Berkan, bir gün sonra yazdığı yazı ile de dile getirdi gelen tepkileri…

Gelen tepkileri hafifletmeye çalıştı.

İnancının “Evrim Teorisi’nden yana olduğunu açıkladı.

 

İşte İsmet Berkan’ın semavi dinlere bakışını ortaya koyan yazısından bazı alıntılar:

“Burada tekrar etmeme gerek var mı bilmiyorum ama bütün semavi dinlerin fanatiklerini bir araya getiren yegane ortak nokta bu: İnsanlar ve evrendeki diğer canlılar evrim yoluyla bu gün oldukları hale gelmediler.

Onlar Tanrı tarafından bu gün oldukları gibi yaratıldılar!

Bendeniz, çoğu kişi öyle olmadığını hatırlar.

Aslında laiklik konusunda çok ama çok hassas bir kişiyim.

Başkalarından ve Türkiye’deki laikçilerden farkım, dinsel doğmaların bilimin yerine geçirilmesiyle tehlikeye düşeceğini bilen biriyim.

O görüşlerin Radikal’e sızmaması için de elimden geleni yaparım.

Yaradılışı savunan makalelerin gazetemde yayınlanmasına izin vermem, çope atarım…

O makaleleri başka gazeteler isterlerse yayınlayabilirler.” (Yeniçağ, Medya köşesi. 27.6.2005. Bazı satırların altını ben çizdim…)

Çünkü İsmet Berkan’ın dediği gibi bu gün Türkiye’deki laiklerimizin bir bölümü; din ile bilimin çelişmediği konusunda korkunç bir yanılgı içindedirler.

Bunlar, Evrim kuramı ile birlikte yaratılış kuramının okullarımızda okutulmasından zerrece irkilmediler.

Bu öğreti ise öğrencilerimizi çatışma  içine çekmektedir.

Bir yanda bilim, bir yanda din, çelişmektedir.

Bu iki dünya görüşü, yapısı gereği, tarih boyunca birbirine terstir.

Bilim; kuşkucudur, araştırıcıdır, bir tezin doğruluğunu yanlışlığını gündeme getirir.

Deneyler sonunda onun doğruluğunu ya da yanlışlığını kanıtlayabilir.

Yani bilim doğru diye bilineni yalanlayabilir…

Ne var ki inançta yalanlama yoktur.

Söyleneni doğru olarak kabul etmek vardır.

Araştırmayacaksın.

Soruşturmayacaksın,

İnanacaksın…

Bu nedenledir ki asırlarca dünyanın evrenin merkezi olduğunu, diğer gezegenlerin dünyanın çevresinde döndüğünü kabul edip durdular.

İnanmayanları da diri diri yaktılar.

Ama gerçek sonunda kendini kabul ettirdi.

Yani islamî deyimle “Hak geldi, batıl gitti.”

Bu konuda ODTÜ Biyoloji Bölümü öğretim üyesi Prof.
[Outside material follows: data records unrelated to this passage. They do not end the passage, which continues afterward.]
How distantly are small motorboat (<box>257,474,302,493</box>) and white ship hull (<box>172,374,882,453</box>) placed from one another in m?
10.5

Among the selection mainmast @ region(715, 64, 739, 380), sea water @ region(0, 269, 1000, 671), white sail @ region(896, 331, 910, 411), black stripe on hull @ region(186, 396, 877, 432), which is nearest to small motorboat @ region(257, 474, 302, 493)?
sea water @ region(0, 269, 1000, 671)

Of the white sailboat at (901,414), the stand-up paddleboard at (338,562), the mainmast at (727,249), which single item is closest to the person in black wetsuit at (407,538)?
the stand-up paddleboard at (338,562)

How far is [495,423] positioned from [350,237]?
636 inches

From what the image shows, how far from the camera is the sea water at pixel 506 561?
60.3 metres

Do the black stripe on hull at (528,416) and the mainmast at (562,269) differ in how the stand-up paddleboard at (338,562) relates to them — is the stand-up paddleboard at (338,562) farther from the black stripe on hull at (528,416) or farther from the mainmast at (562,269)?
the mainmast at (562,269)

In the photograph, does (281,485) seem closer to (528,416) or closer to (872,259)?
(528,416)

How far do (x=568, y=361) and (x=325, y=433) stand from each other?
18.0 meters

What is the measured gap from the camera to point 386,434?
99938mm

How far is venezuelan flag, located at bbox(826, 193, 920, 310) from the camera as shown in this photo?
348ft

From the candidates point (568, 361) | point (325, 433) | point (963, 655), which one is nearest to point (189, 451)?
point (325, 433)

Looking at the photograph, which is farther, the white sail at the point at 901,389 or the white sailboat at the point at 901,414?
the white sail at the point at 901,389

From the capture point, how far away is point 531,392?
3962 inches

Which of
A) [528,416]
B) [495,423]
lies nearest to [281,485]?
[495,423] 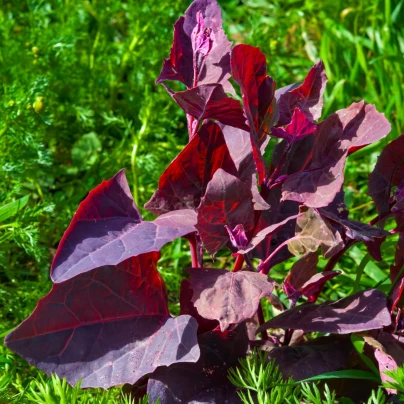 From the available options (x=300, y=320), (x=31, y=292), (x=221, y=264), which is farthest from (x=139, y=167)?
(x=300, y=320)

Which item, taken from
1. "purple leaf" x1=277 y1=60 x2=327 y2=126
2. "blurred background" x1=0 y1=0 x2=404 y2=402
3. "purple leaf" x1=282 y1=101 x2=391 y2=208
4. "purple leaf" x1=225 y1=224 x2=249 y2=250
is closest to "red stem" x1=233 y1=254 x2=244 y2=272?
"purple leaf" x1=225 y1=224 x2=249 y2=250

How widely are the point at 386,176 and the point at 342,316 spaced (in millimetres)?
326

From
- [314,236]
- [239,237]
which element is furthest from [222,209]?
[314,236]

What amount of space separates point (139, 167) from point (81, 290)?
94cm

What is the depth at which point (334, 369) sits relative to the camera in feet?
4.09

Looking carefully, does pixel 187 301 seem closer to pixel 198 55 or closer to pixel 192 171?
pixel 192 171

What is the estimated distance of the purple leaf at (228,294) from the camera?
1.13m

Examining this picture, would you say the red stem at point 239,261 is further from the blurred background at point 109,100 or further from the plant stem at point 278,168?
the blurred background at point 109,100

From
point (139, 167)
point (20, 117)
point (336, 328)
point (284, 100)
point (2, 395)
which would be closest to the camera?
point (2, 395)

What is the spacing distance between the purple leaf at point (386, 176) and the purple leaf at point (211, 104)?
31 centimetres

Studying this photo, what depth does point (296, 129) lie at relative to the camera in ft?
4.01

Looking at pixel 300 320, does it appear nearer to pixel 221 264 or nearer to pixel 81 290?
pixel 81 290

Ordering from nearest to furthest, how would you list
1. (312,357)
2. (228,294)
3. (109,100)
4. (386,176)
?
(228,294) < (312,357) < (386,176) < (109,100)

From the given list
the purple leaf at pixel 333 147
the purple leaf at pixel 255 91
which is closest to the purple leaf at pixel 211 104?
the purple leaf at pixel 255 91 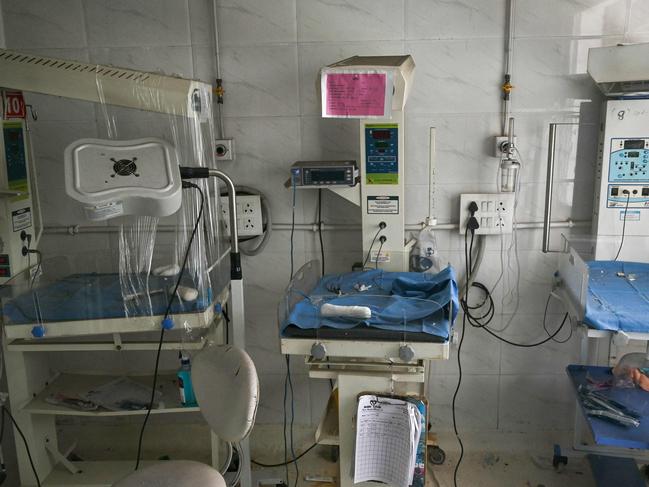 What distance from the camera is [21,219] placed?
7.80 ft

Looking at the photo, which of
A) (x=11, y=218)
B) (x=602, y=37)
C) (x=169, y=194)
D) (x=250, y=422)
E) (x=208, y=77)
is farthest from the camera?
(x=208, y=77)

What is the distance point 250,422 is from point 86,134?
1.51 metres

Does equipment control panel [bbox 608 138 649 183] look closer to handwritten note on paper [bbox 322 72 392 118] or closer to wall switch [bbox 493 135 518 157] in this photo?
wall switch [bbox 493 135 518 157]

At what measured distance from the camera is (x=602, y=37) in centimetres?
249

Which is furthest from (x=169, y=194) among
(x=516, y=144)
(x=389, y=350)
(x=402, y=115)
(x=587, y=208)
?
(x=587, y=208)

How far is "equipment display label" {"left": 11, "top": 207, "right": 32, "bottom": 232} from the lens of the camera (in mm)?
2336

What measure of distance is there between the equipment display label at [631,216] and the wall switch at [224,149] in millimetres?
1671

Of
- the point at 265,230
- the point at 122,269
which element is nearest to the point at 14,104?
the point at 122,269

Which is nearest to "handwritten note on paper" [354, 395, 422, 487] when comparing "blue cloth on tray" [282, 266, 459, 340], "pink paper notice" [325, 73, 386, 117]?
"blue cloth on tray" [282, 266, 459, 340]

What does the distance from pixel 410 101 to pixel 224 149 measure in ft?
2.74

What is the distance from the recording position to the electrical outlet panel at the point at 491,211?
263cm

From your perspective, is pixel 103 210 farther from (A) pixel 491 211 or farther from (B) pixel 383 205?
(A) pixel 491 211

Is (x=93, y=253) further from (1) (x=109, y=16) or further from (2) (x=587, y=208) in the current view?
(2) (x=587, y=208)

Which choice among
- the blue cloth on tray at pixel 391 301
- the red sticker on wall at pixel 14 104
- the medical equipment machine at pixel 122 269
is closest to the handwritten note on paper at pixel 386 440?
the blue cloth on tray at pixel 391 301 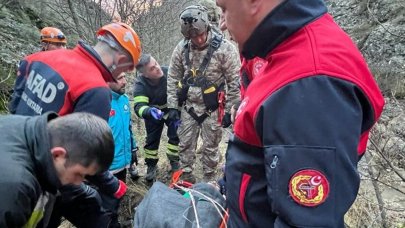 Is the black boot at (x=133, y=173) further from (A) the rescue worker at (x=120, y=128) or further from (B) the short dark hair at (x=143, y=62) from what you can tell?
(B) the short dark hair at (x=143, y=62)

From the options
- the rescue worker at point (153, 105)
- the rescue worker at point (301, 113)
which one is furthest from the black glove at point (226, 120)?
the rescue worker at point (301, 113)

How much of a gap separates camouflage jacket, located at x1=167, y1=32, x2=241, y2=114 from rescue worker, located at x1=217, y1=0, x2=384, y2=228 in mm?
2994

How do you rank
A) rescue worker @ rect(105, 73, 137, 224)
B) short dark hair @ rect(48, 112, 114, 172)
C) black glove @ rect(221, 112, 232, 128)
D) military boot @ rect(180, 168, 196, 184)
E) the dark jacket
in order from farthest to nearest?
military boot @ rect(180, 168, 196, 184), black glove @ rect(221, 112, 232, 128), rescue worker @ rect(105, 73, 137, 224), short dark hair @ rect(48, 112, 114, 172), the dark jacket

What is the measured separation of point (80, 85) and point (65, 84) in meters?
0.09

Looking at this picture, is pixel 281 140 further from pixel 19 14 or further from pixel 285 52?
pixel 19 14

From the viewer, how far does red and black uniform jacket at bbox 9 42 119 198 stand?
2293mm

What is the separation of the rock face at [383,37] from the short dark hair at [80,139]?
7.23 metres

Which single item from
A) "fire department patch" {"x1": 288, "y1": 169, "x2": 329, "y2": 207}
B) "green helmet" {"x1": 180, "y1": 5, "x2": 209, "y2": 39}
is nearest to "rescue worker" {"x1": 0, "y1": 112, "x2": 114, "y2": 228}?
"fire department patch" {"x1": 288, "y1": 169, "x2": 329, "y2": 207}

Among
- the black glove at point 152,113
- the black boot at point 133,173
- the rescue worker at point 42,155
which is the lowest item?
the black boot at point 133,173

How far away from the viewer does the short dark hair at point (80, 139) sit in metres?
1.65

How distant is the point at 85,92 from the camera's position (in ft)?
7.49

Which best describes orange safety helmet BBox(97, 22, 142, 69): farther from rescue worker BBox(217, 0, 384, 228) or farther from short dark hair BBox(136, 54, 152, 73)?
rescue worker BBox(217, 0, 384, 228)

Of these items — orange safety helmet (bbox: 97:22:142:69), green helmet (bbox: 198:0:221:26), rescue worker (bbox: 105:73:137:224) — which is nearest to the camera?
orange safety helmet (bbox: 97:22:142:69)

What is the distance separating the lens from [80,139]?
1.65 meters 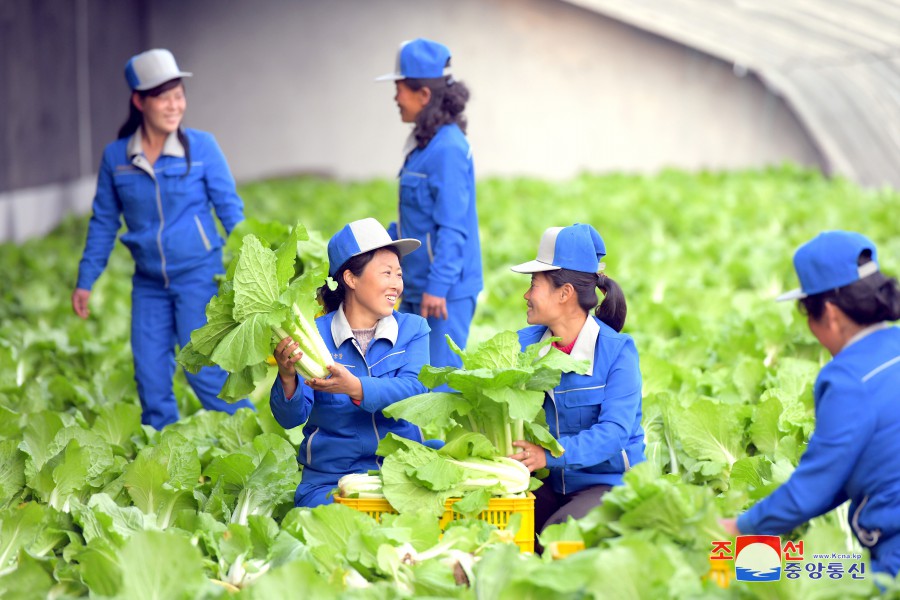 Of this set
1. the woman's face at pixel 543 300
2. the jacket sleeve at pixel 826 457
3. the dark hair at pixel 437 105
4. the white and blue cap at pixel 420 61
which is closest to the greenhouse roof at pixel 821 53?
the dark hair at pixel 437 105

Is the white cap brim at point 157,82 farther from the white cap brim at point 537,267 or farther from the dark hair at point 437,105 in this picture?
the white cap brim at point 537,267

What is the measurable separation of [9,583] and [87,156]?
14307 millimetres

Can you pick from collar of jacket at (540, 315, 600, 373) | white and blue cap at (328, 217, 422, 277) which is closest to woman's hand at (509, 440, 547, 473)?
collar of jacket at (540, 315, 600, 373)

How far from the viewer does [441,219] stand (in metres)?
5.31

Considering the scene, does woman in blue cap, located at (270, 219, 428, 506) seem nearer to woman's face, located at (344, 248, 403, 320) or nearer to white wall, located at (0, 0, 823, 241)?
woman's face, located at (344, 248, 403, 320)

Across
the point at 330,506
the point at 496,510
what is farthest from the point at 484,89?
the point at 330,506

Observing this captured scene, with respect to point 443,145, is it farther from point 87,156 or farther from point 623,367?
point 87,156

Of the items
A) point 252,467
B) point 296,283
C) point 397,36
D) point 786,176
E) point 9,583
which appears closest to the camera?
point 9,583

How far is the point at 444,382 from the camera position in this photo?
3.68 metres

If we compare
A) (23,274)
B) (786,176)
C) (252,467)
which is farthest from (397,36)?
(252,467)

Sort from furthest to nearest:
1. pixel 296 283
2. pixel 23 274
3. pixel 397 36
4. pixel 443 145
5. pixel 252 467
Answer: pixel 397 36 → pixel 23 274 → pixel 443 145 → pixel 252 467 → pixel 296 283

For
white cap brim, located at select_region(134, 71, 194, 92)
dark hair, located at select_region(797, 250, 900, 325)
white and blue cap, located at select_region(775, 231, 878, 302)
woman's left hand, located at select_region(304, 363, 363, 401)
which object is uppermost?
white cap brim, located at select_region(134, 71, 194, 92)

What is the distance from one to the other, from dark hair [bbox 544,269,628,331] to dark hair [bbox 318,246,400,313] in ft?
1.92

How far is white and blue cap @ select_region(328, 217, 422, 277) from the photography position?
3898mm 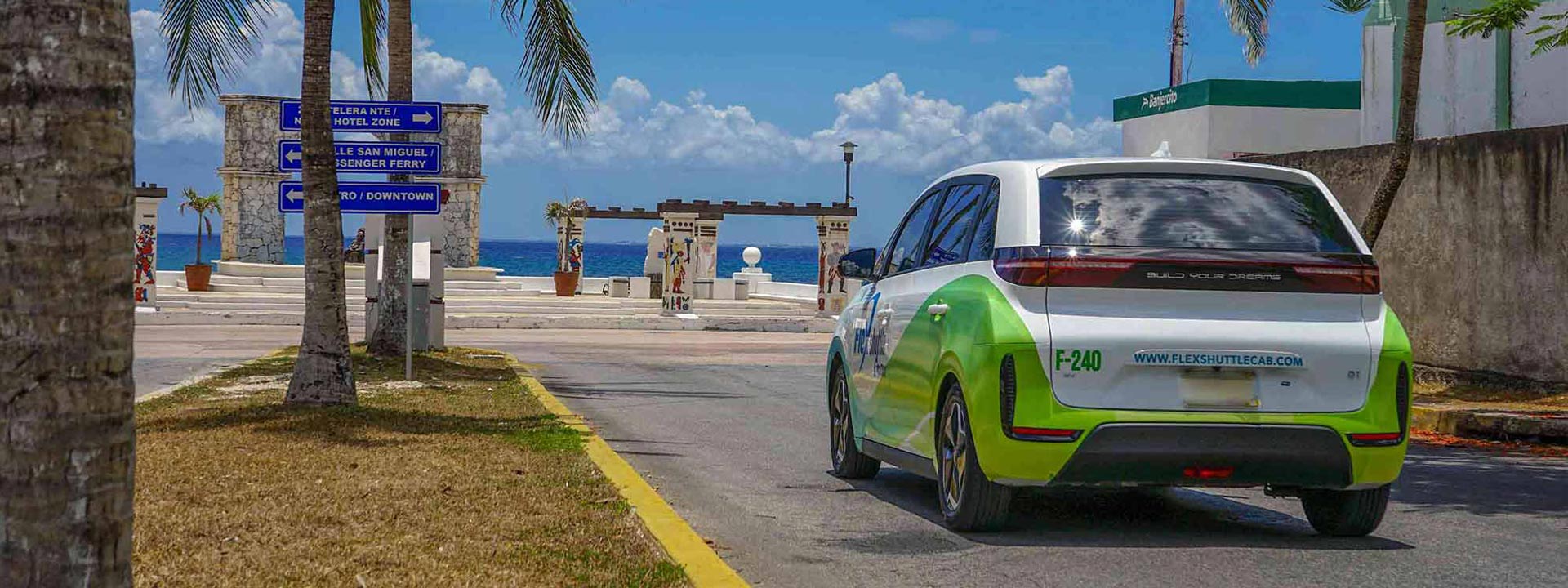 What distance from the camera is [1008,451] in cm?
696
Dr. Aykut Kence aynen şöyle diyor:

“Bu gün Kopernik; Kepler ve Galileo’nun Dünya’nın Güneş sistemi hakkındaki savları nasıl gerçeklik taşıyorsa, canlıların bir evrim geçirdiği de o denli gerçeklik taşıyor.

Kopernik’in kuramı ilk kez oraya atıldığında kutsal kitaplarda anlatılanlara uymadığı için din adamları tarafından yasaklanmıştı.

Oysa bu gün ne Dünya’nın Güneş‘in etrafında dönen bir gezegen olduğundan ne de Dünya’nın yuvarlık olduğundan aklı başında hiç kimse kuşku duymamıştı.

Öyle ki Vatikan bile bu bilginlerden özür dilemeye kalktı.

Bu gün evrimsel biyolojinin tarımda, tıpta, antropolojide, hatta ekonomide sayısız uygulamaları vardır. ” (Radikal, Yorum sayfası.  29.6.2005)

Şeriatçılar,  dünya çapında, evrim teorisine karşı cephe almışlardır.

Yaratılışçıların evrim kuramını berkitmek için trilyonlara varan fonlar ayırmışlardır.

 

Yaradılışçıların sözcülüğünü ise yurdumuzda Harun Yahya takma adı ile Adnan Oktar yapmaktadır.

Amaç insanların bilimsel düşünmesini önlemek, hakkını aramaktan aciz, bırakmaktır.

Miskin, pasif bir yurttaş topluluğu saağlamaktır…

Ama boşuna. Bütün dünya evrim kuramının gerçekliğini ve doğruluğunu anlayacaktır…

Şu veri savımın doğruluğunu kanıtlayacaktır.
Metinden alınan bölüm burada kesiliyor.